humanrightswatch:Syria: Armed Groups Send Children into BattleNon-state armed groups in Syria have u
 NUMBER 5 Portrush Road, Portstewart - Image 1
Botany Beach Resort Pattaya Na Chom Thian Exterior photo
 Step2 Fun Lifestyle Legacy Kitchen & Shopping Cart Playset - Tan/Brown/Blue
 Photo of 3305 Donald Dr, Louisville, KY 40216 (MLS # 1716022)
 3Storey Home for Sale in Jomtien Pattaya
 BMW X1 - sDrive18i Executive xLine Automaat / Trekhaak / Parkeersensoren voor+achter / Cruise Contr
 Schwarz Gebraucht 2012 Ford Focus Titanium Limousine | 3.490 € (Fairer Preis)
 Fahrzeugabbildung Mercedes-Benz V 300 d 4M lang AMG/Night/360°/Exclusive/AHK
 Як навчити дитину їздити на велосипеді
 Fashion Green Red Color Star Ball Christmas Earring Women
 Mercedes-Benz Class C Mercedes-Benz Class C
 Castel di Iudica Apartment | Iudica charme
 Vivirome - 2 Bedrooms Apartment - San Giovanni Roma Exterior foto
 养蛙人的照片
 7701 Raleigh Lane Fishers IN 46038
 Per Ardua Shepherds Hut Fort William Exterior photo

[INSTRUCTIONS FOR THE TASK] Go through the listing above line by line and say how many lines hold the word "Apartment". Reply with that number only.

[WORKED SOLUTION] 2